Complexity of Sparse Optimization for Subspace Identification

Chair: Julien Mairal Organizer: Julien Mairal
11:30

Guillaume Garrigos

joint work with Jalal Fadili, Jerome Malick, Gabriel Peyré

Model Consistency for Learning with low-complexity priors

We consider supervised learning problems where the prior on the coefficients of the estimator is an assumption of low complexity. An important question in that setting is the one of model consistency, which consists of recovering the correct structure by minimizing a regularized empirical risk. Under some conditions, it is known that deterministic algorithms succeed in recovering the correct structure, while a simple stochastic gradient method fails to do so. In this talk, we provide the theoretical underpinning of this behavior using the notion of mirror-stratifiable regularizers.

11:55

Yifan Sun

joint work with Halyun Jeong, Julie Nutini, Mark Schmidt

Are we there yet? Manifold identification of gradient-related proximal methods

In machine learning, models that generalize better often generate outputs that lie on a low-dimensional manifold. Recently, several works have shown finite-time manifold identification by proximal methods. In this work, we provide a unified view by giving a simple condition under which any proximal method using a constant step size can achieve finite-iteration manifold detection. We provide iteration bounds for several key methods such as (FISTA, DRS, ADMM, SVRG, SAGA, and RDA).

12:20

Julien Mairal

joint work with Andrei Kulunchakov

Estimate Sequences for Stochastic Composite Optimization: Variance Reduction, Acceleration, and Robustness to Noise

We propose a unified view of gradient-based algorithms for stochastic convex composite optimization based on estimate sequences.

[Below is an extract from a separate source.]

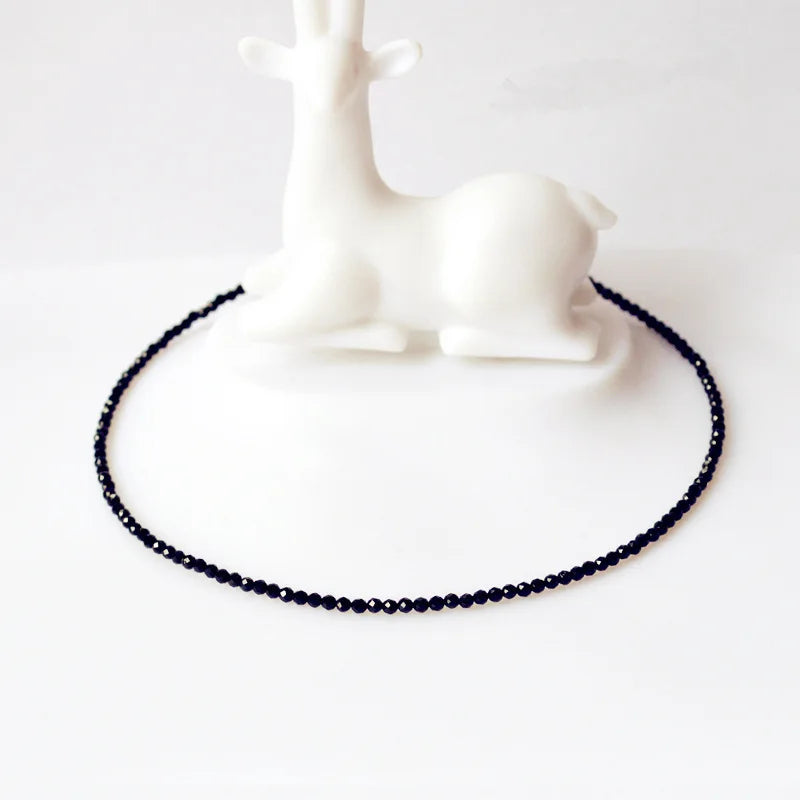 Fashion Brand Simple Black Beads Short Necklace Femme Ladies Choker For Women Party Jewelry Pi-Mart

This point of view covers stochastic gradient descent (SGD), the variance-reduction approaches SAGA, SVRG, MISO, their proximal variants, and has several advantages: (i) we provide a generic proof of convergence for the aforementioned methods; (ii) we obtain new algorithms with the same guarantees (iii) we derive generic strategies to make these algorithms robust to stochastic noise (iv) we obtain new accelerated algorithms.